Data shows that ZCSH's AUM (Assets Under Management) surged by 228% within a month, from about $42 million to $136 million, accounting for about 1.9% of ZEC's circulating supply. For an asset with a daily trading volume of hundreds of millions of dollars, nearly 2% of the chips being locked in the trust significantly tightens the supply side.
A deeper logic is the indirect effect of ETFs. The approval of Bitcoin and Ethereum spot ETFs has brought these assets into a strict regulatory framework, where every transaction is traceable. Some institutions and high-net-worth individuals, in order to avoid this transparency, have begun to shift their funds towards anonymous assets. Grayscale's ZEC Trust conveniently provides a compliant channel—offering exposure to privacy coins while operating through traditional financial channels.
The Shared Position of the "Child of This Version" in the Crypto Circle
Social media has played an amplifying role in this round of market activity.
During ZEC's rise, Mert (@0xMert_), regarded as the child of this version of the Solana ecosystem, was undoubtedly one of the key voices behind the price. As the CEO of Helius, a core infrastructure of Solana, and one of the most recognized voices in the Solana ecosystem, Mert began heavily recommending ZEC when it was at $30, and has continued to call for it almost daily on X, live streams, and podcasts. As a result, the ZEC community has a significant overlap with the Solana community.
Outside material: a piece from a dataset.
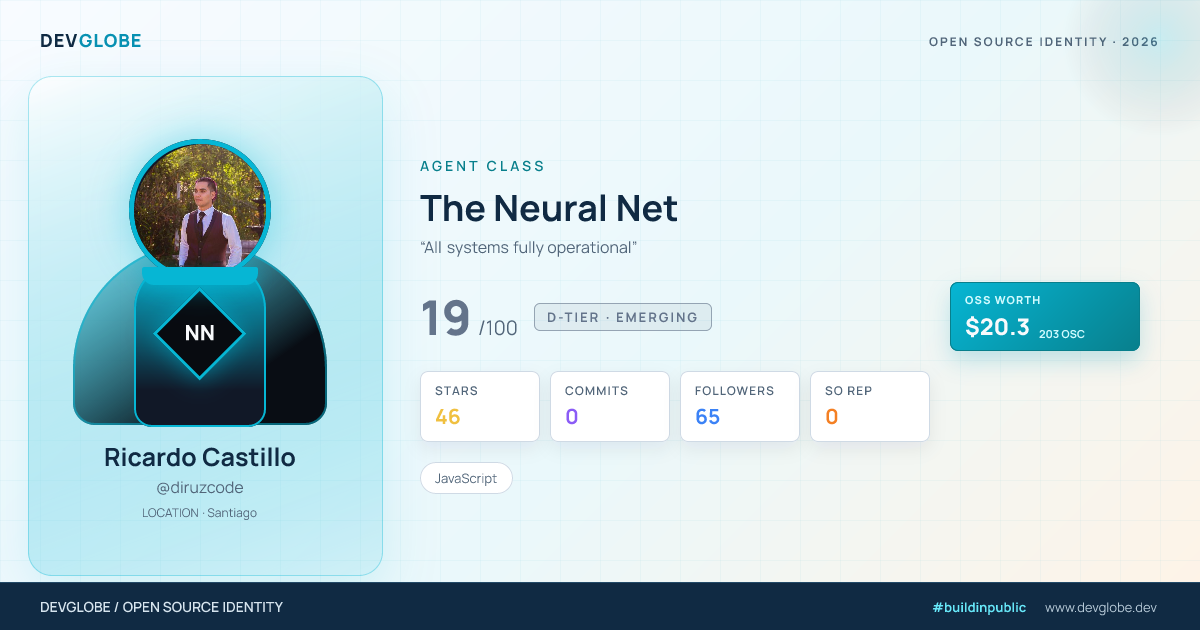 Developer card for @diruzcode
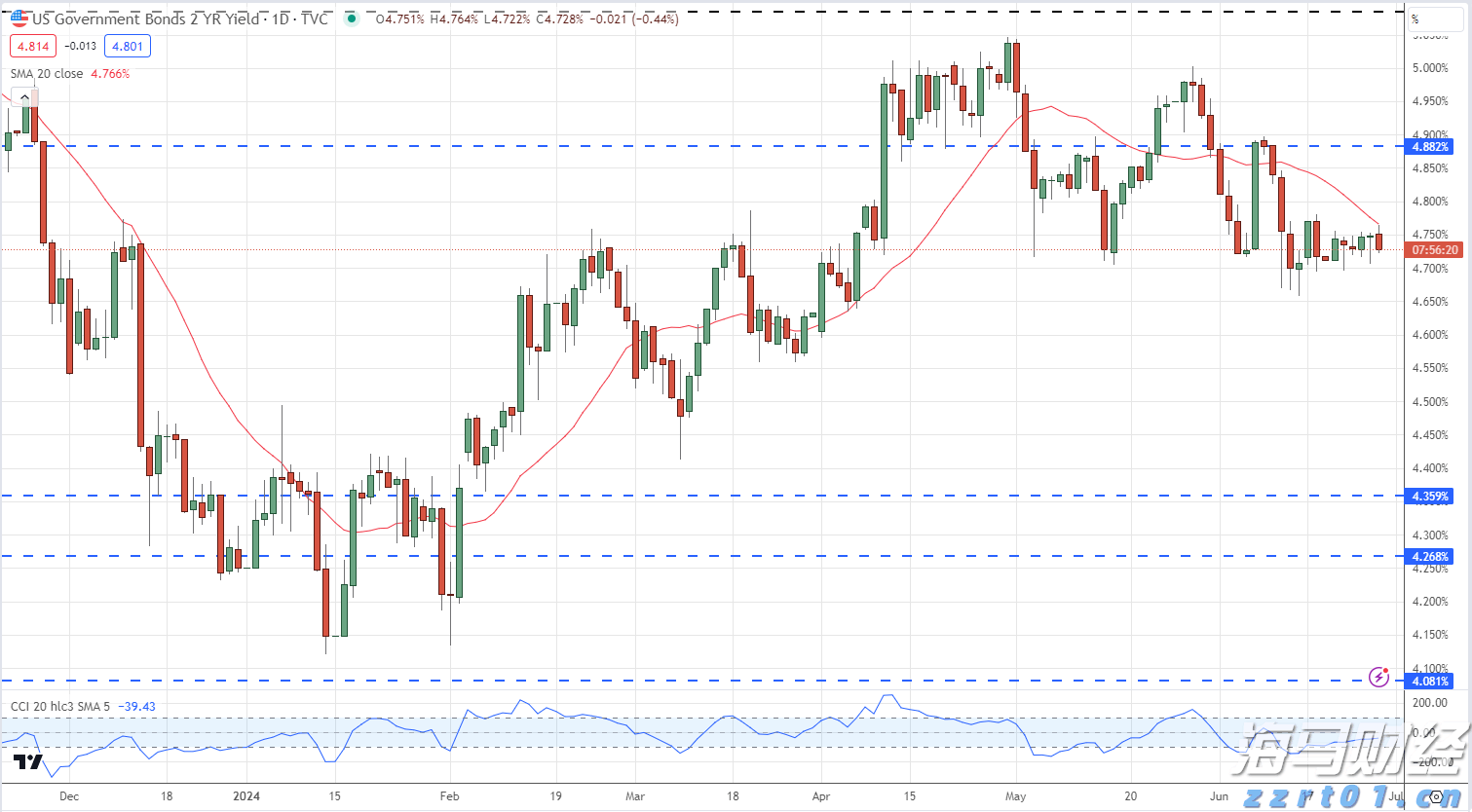 天风证券：保险资金增持银行股的潜力分析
Adding to the catalyst was Arthur Hayes's continuous calls for entry. This co-founder of BitMEX is known as one of the "most prophetic people regarding cycle turns" in the last bull market. On October 31, he first mentioned a "ZEC target of $1,000," which was already astonishing; then on November 1, he directly raised it to a "target of $10,000," positioning ZEC as "a safe-haven asset in the crypto market." This tweet garnered over 200,000 interactions in a single day, causing ZEC's trading volume to soar and short-term prices to rise by 15%.

Subsequently, Naval Ravikant's comments elevated ZEC's narrative from "speculative asset" to the height of "a battle of values and technological routes." Naval redefined the value foundation of privacy assets with the statement, "Privacy is a fundamental right, not a tool for crime."
As the "biggest fan of ZK," Vitalik tweeted on November 1 that ZKsync was "undervalued," directly driving a 30-fold increase in trading volume for ZK-related assets, fueling the ZK narrative, and making "ZK Season is here" a hot topic.

Is ZEC Really the "Silver to Bitcoin"?
In the rise of ZEC's price, the community has also put forth a narrative of "silver to Bitcoin." Does this positioning really hold water?
Optimists believe that ZEC's rise is not just due to the privacy narrative. A key piece of evidence is the divergence in market performance: if ZEC's rise were solely due to privacy demand, then RAIL, as a core privacy project in the EVM ecosystem, should have benefited simultaneously.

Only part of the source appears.